Here's our Maths Curriculum Road Map:
We believe that students deserve a creative and ambitious mathematics curriculum, rich in skills and knowledge, which ignites curiosity and prepares them well for everyday life and future employment. Our mathematics curriculum will give students the opportunity to:
• become fluent in the fundamentals of mathematics, through varied and frequent practice with increasingly complex problems over time, so that pupils develop conceptual understanding and the ability to recall and apply knowledge rapidly and accurately.
• reason mathematically by following a line of enquiry, conjecturing relationships and generalisations, and developing an argument, justification or proof using mathematical language.
• can solve problems by applying their mathematics to a variety of routine and non-routine problems with increasing sophistication, including breaking down problems into a series of simpler steps and preserving in seeking solutions.
• can communicate, justify, argue and prove using mathematical vocabulary.
Implementation - What does learning look like?
We consider progression in mathematics to be a spiral - students come to us in Year 7 already equipped with knowledge and skills in number, algebra and geometry. During their time with us, they will return repeatedly to this set of knowledge and skills - each time developing the deeper understanding and skills to tackle more complex problems independently.
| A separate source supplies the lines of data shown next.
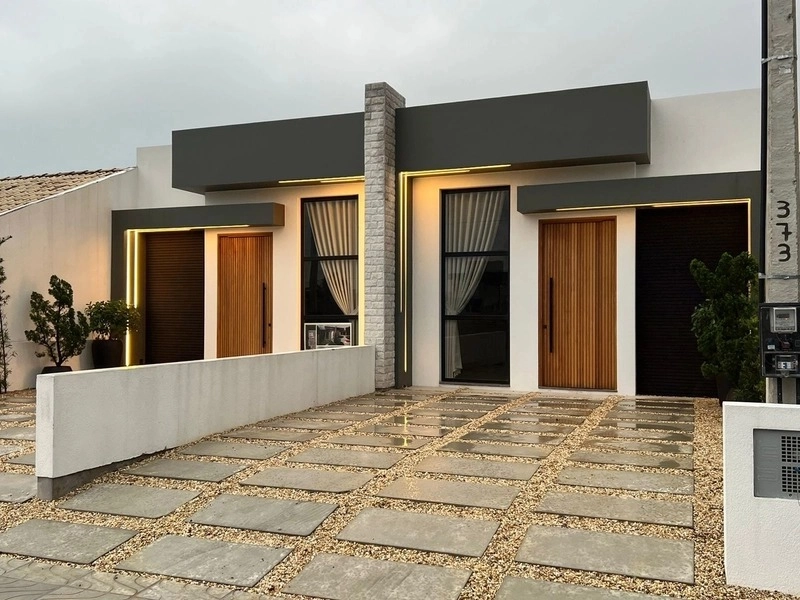 Casa 2 Dormitórios com Suíte, 3 Quadras do Mar!!: 1ª foto da galeria de imagens do imóvel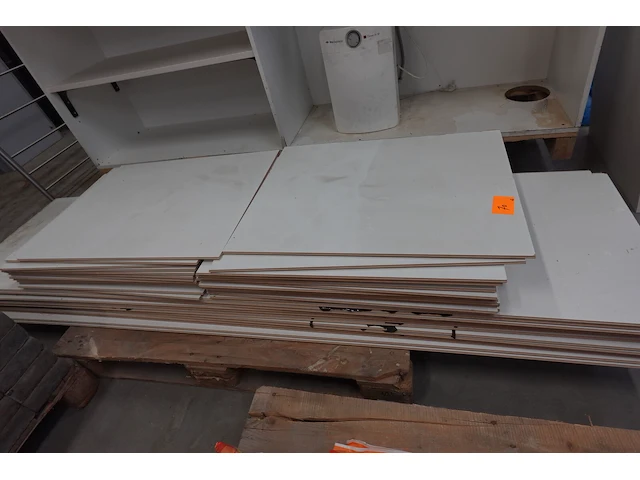 2x divers houten meubel + houten panelen - afbeelding 2 van  6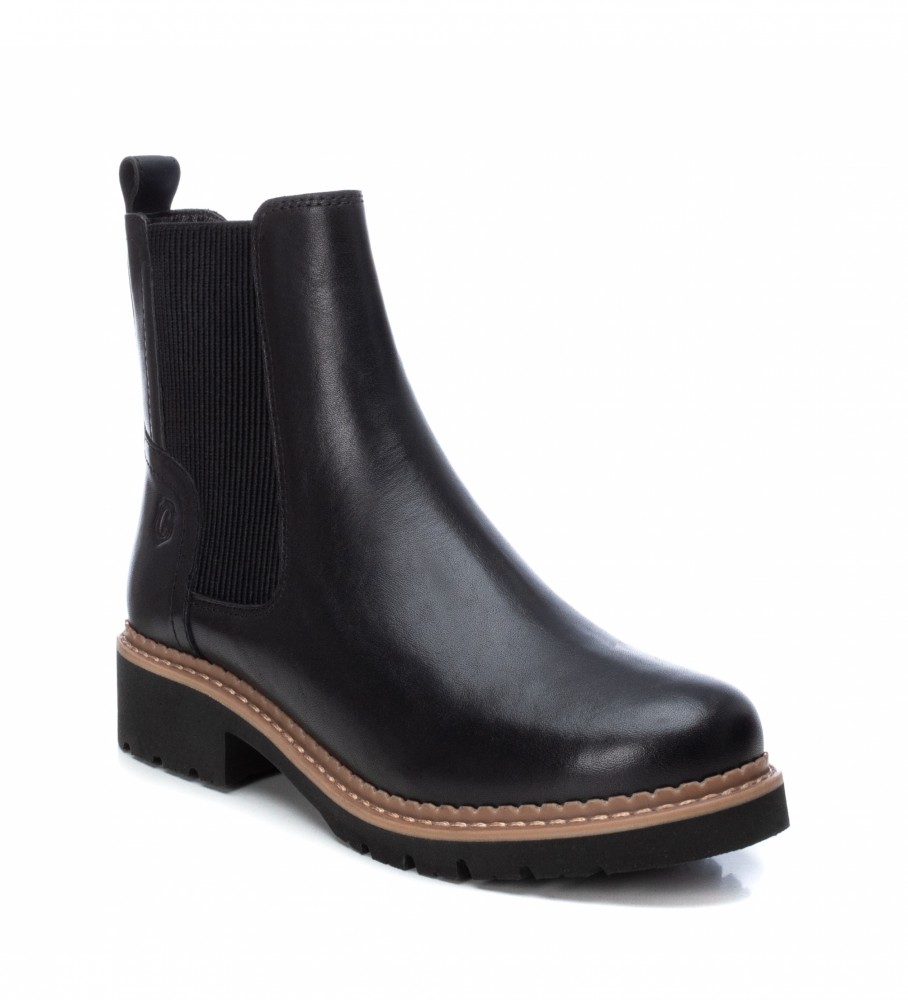 Botas de tornozelo Carmela em couro, modelo 160046, pretas.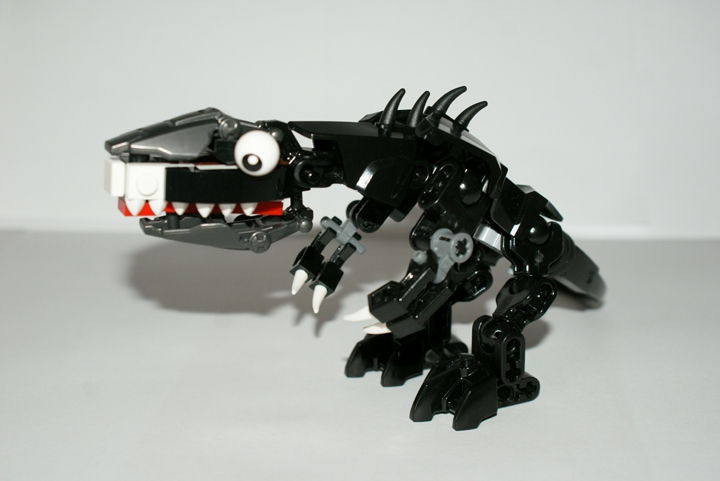 LEGO MOC - Jurassic World - Легкая добыча?: 'Малыш'-аллозавр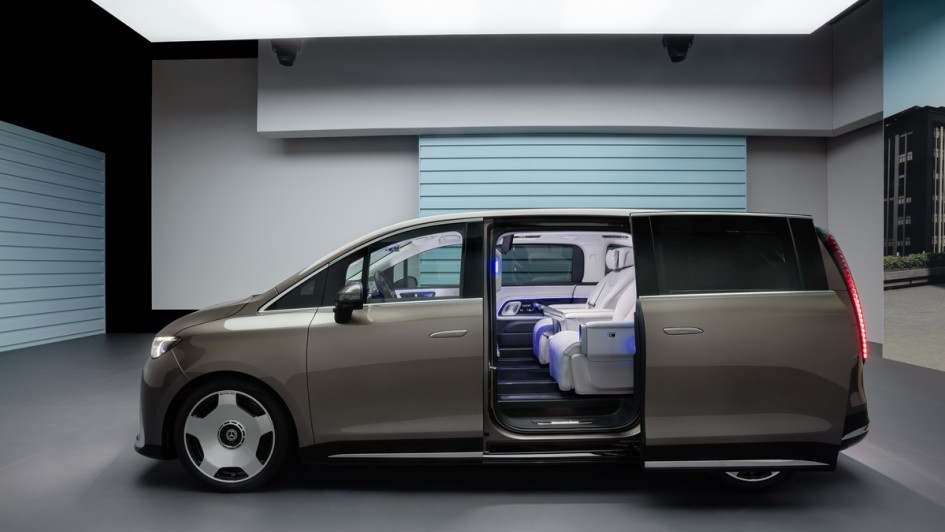 Außenaufnahme vom neuen Mercedes VLE Exclusive von der Seite mit geöffneter Schiebetür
In Years 7, 8 and 9 (Key Stage 3)
Students follow a scheme of work based around the White Rose scheme that has a mastery approach to the teaching of mathematics for understanding. A spiral curriculum basing future teaching on the building blocks taught previously. Concepts that are broken down into small connected and structured steps enabling application to range of contexts with variation to develop deep and holistic understanding, procedural fluency and repetition of key facts to free up working memory. Manipulatives and multiple representations are used to build and scaffold learning.
In Years 10 and 11 (Key Stage 4)
Students continue to follow a teaching for mastery approach with a spiral curriculum. Each lesson builds on the previous lessons content or understanding. Each unit of work has several blocks within it covering key skills. At the end of each block there is a small test that can be used to inform planning going forward. Assessments at the end of each half term are based on actual exam papers utilising real grade boundaries with question level analysis to pin point areas of strength and weakness.
Outline the assessment procedures and how assessment is used to impact outcomes.
At KS3 we assess pupils via Key Performance Indicators (KPI’S), in which teachers use their expertise and detailed knowledge of the pupils’ work to identify how successfully they are currently mastering each key skill.
Throughout all years, appropriate arrangements are made by the class teacher to accommodate any specific special needs that a pupil may have, thus enabling them to participate fully in Mathematics. Quality Marked Formative Assessments are embedded into the curriculum to regularly check pupils' understanding of the Maths curriculum against the subject specific Key Performance Indicators. Assessments of pupil performance take place at the end of every unit of work via Quality Marked Summative Assessments, pupils then reflect on their individual performance, analysing the reasons behind any poor achievement. The teacher will then put some individual bespoke teaching in place to redress any weaknesses in learning and the learner will be asked to complete a follow up task to show that the weakness has been redressed. Teachers provide bespoke interventions based on the outcomes of the Quality Marked Summative and Formative Assessments.
Cultural Capital Opportunities linked to Personal and Character development
Pupils are exposed to a wide variety of situations through the questioning in maths to develop their awareness of the World around them and equip them with the mathematical skills they will need in order to run their lives. The department offers KS3 a variety of extra-curricular options: Mathematics Clinic, after school club.